The young man’s friends and family were very concerned, but they were unable to reach him by phone. He explained that aliens had placed a chip in his brain and that it would explode if he answered his phone.
Sometimes, symptoms like those the young man had can be caused or made worse by abusing alcohol or drugs. However, the young man didn’t abuse either. A family history of mental illness can sometimes be a risk factor, and the man did say he had an aunt who had been treated at psychiatric hospitals several times.
Thanks in part to the concern of his friends and family, the young man talked to a psychologist and gave a detailed account of his symptoms. He was diagnosed with paranoid schizophrenia. This is a difficult diagnosis to receive. But as the young man found, schizophrenia is possible to manage with good care. The young man’s psychologist was able to continue therapy, and he was also referred to a psychiatrist for help with medication. Often, for those diagnosed with paranoid schizophrenia, a combination of therapy and the right medications can effectively manage symptoms.

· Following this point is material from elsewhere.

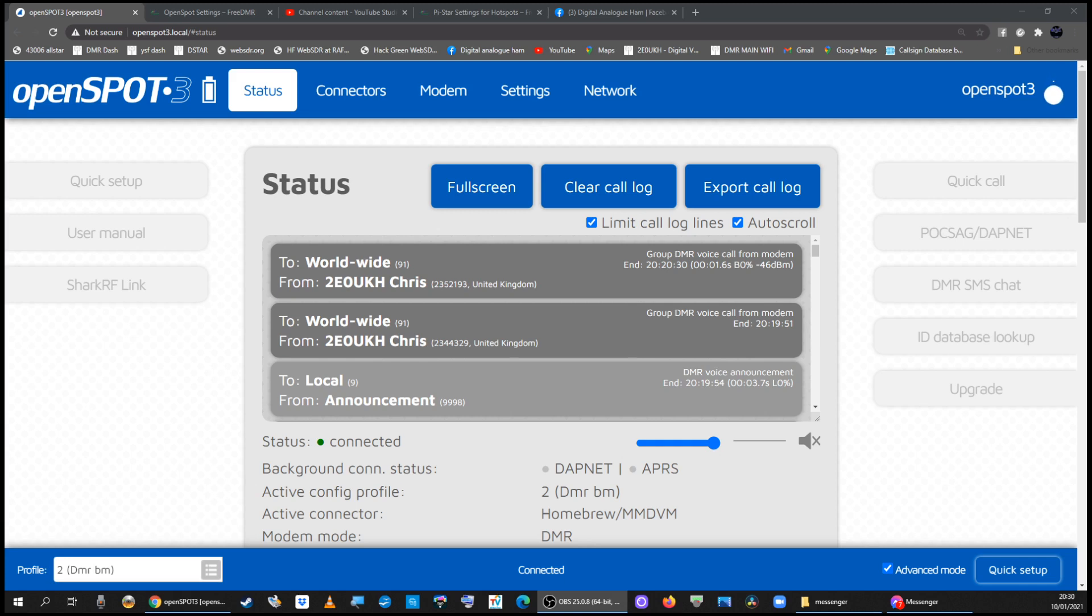To get your OpenSpot 3 connected on the free DMR network, first of all log in to your dashboard so you can see it on the screen like this.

Each case study psychology above is just a short introduction to the types of cases you may encounter working as a clinical psychologist. And when working in the field, you’ll be asked to write your own case studies, too. While in school, you’ll learn the correct way to write case studies and how sharing case studies with other psychologists can help the field grow as a whole. Hopefully, these case studies have also shed some light on one of the best parts of working as a clinical psychologist — you can help people confront and work through mental health challenges and work toward healthier, happier lives.